2. Deliberation: It was fascinating watching students who were accustomed to arguing until blue in the face, now needing to consider multiple policy options and perspectives in groups. A student commented, “I usually just go aggressively with my tactics from the perspective of my country, but on day two of the simulation I realized I needed to be more collaborative.” The policy proposal that they created for Minister Ma required a broad consideration of policy and collaborative decision-making.


3. Disposition: The secret sauce in competency! While research indicates that to have competency students don’t have to just be capable of doing something, they have to feel capable too, we rarely operationalize competency by considering student disposition. An English language learning student spoke to Paula about getting out of her comfort zone: “It always feels great afterwards. I feel good about myself.”

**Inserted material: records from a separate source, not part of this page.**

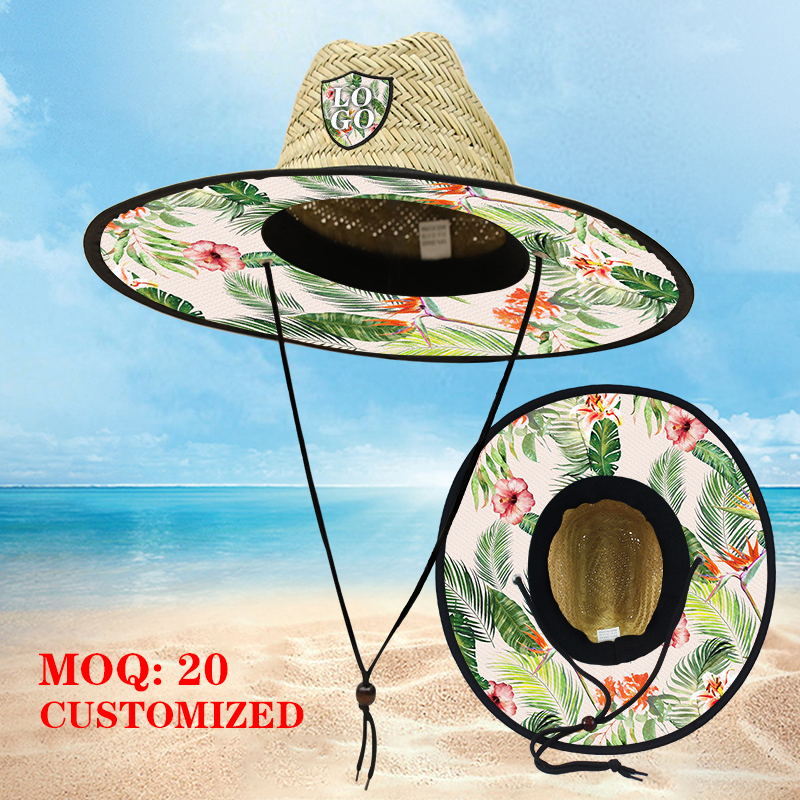 Customized style of beach lifeguard outdoor straw hat, customized Logo vacation style sun protection straw hat, hand-woven natural straw hat Specification image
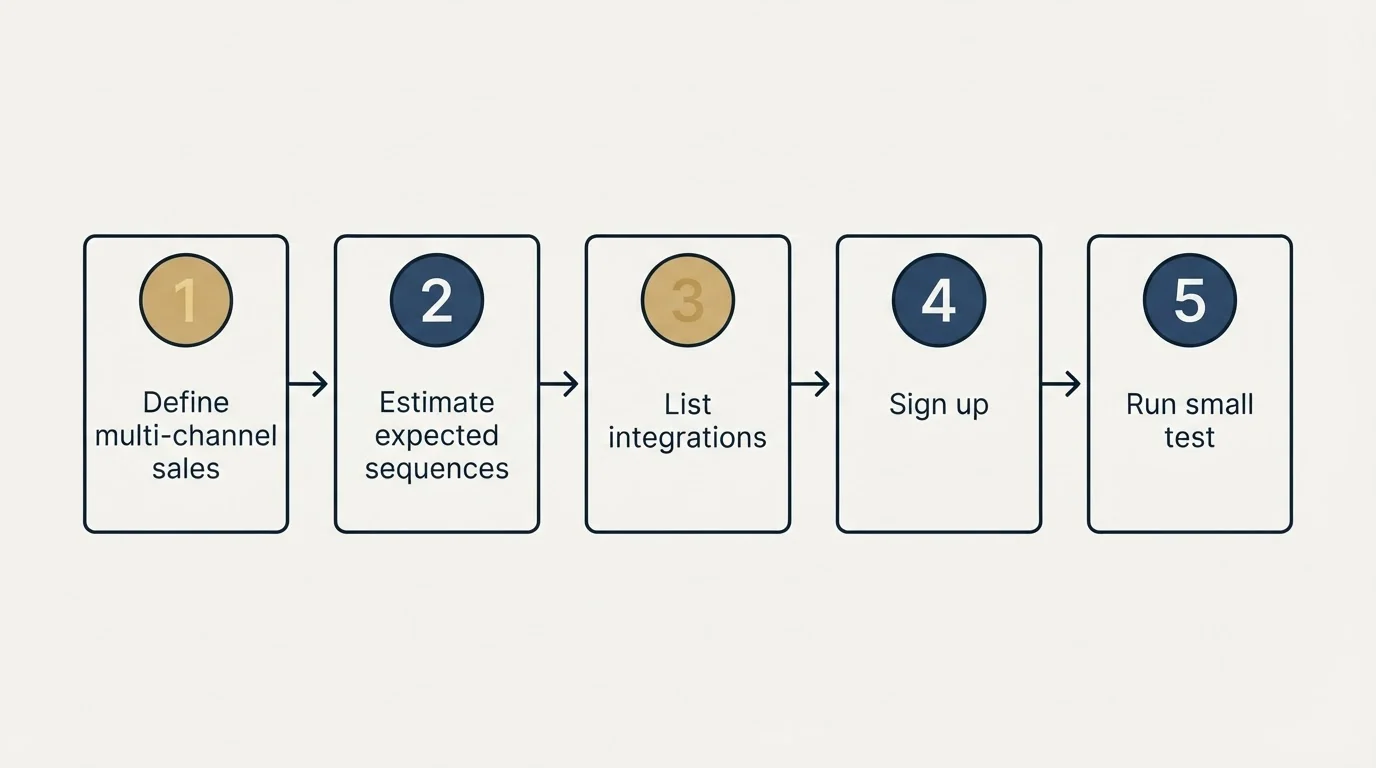 Step sequence: Getting Started Checklist (Define multi-channel sales, Estimate expected sequences, List integrations, Sign up)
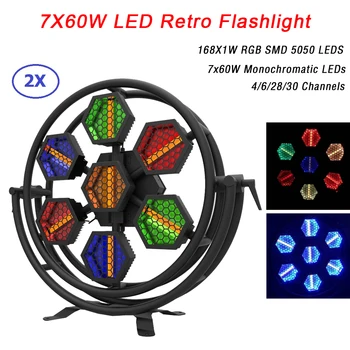 Goedkoop 7X60W Led Retro Flash Light Led Night Light Music Party Dj Disco Decoraties Met 168X1W Rgb Leds Podium Licht Dmx controller Dj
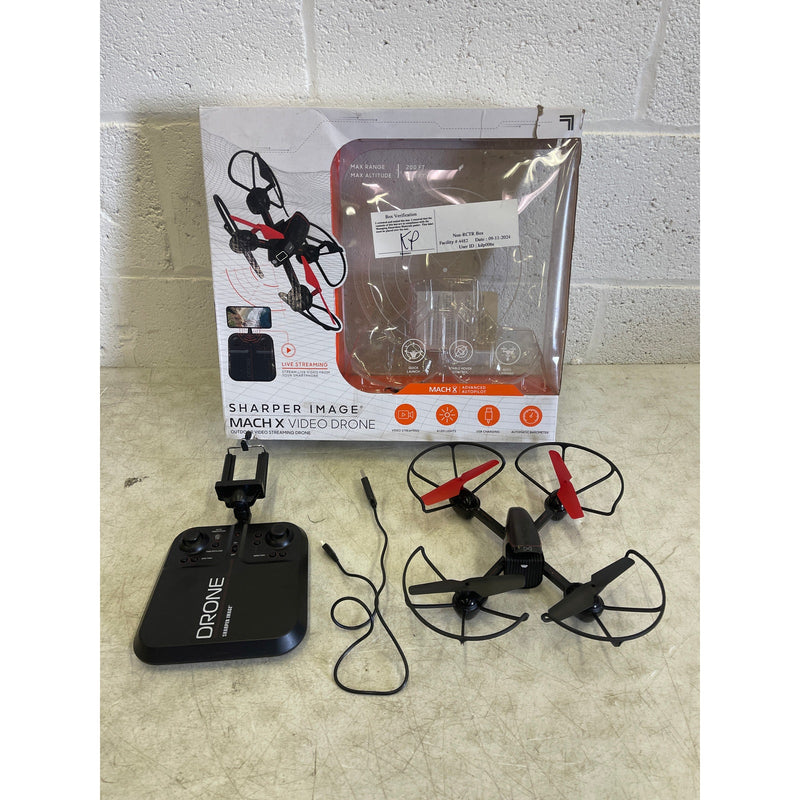 Sharper Image Drone Mach X Outdoor Video Streaming Camera 200 Ft Range - Black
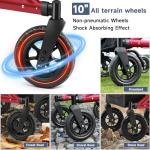 Rollator Walker for Seniors, Foldable All Terrain Rolling Walker with seat, Aluminum Walkers with 10 inch Rubber Wheels, Built-in Cable, Cup Holder, Adjustable Handles and Backrest for Seniors, Red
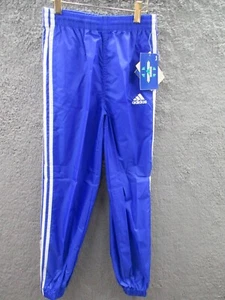 NWT Rare 90s Adidas TEAM Vintage Nylon Blue Track Pants Youth Medium - Picture 1 of 14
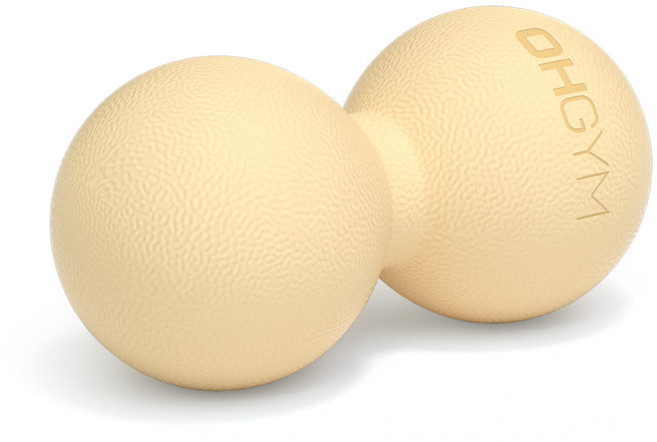 오짐 TPE 마사지 땅콩 듀얼 지압 요가볼, 옐로우, 1개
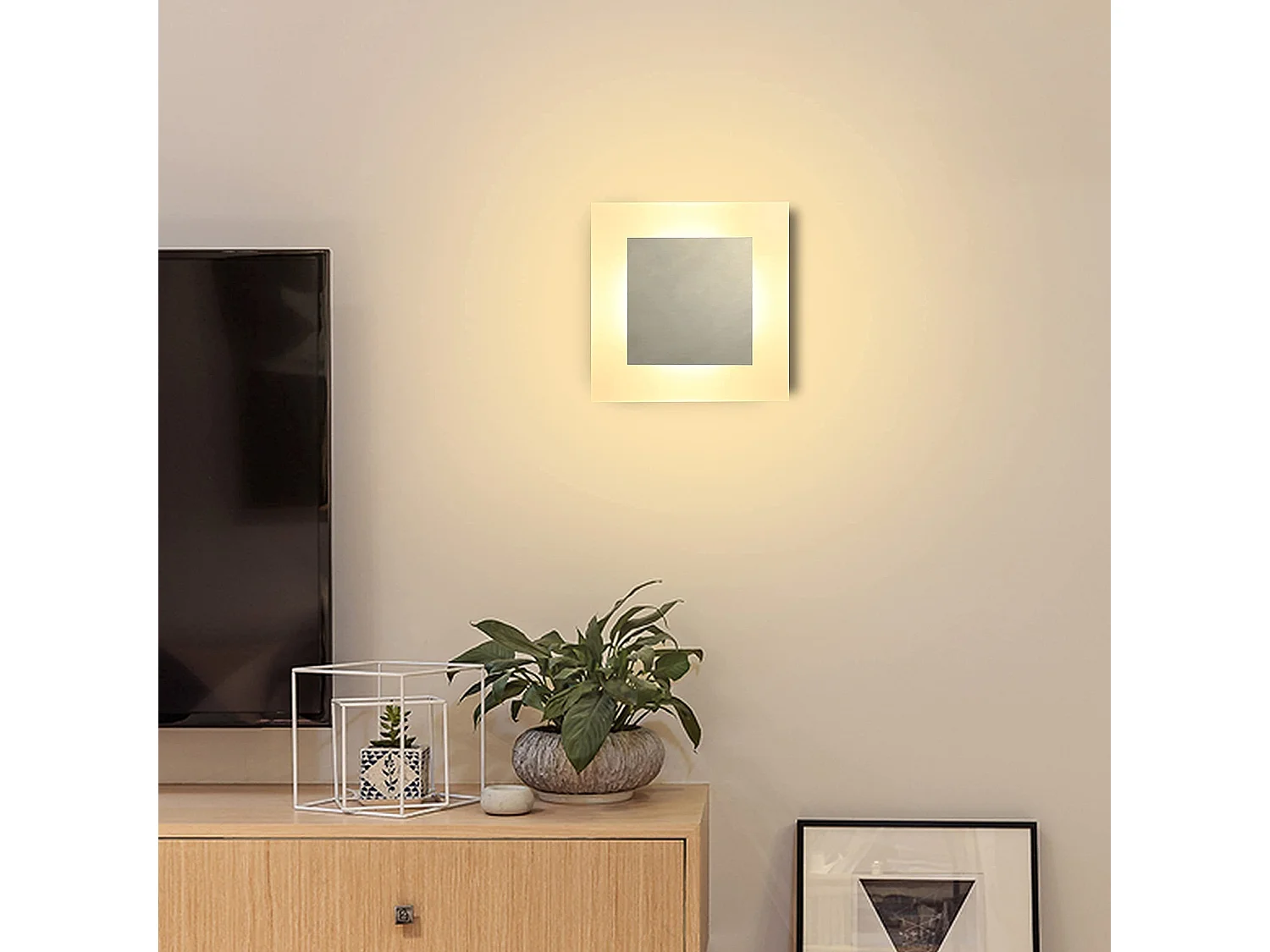 NETTLIFE Kinkiet wewnętrzny LED nowoczesny kinkiet 3000K ciepła biel żelaza i akrylu Ø16cm 7W lampa do przedpokoju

4. Self-efficacy as citizens: We think that by having them grow in their competencies for deliberative dialogue they were able to see the value of themselves as citizens, and in their proven ability to create logical, actionable solutions that were supported by research. The curtain had been drawn back on positions and systems of power and they seemed to feel worthy of a seat at the table. It also deeply resonated with them that they were treated as full citizens with valuable opinions and queries by speakers, such as Jaime Webbe, President of the UN Association in Canada, and MP Patrick Weiler who they held in high regard.


Schools play a key role in civic education. Who were they to give advice and opinions to the Provincial Minister of Emergency Management and Climate Readiness? They are educated citizens of British Columbia and understood that the power and potential of a participatory democracy is only possible when citizens act.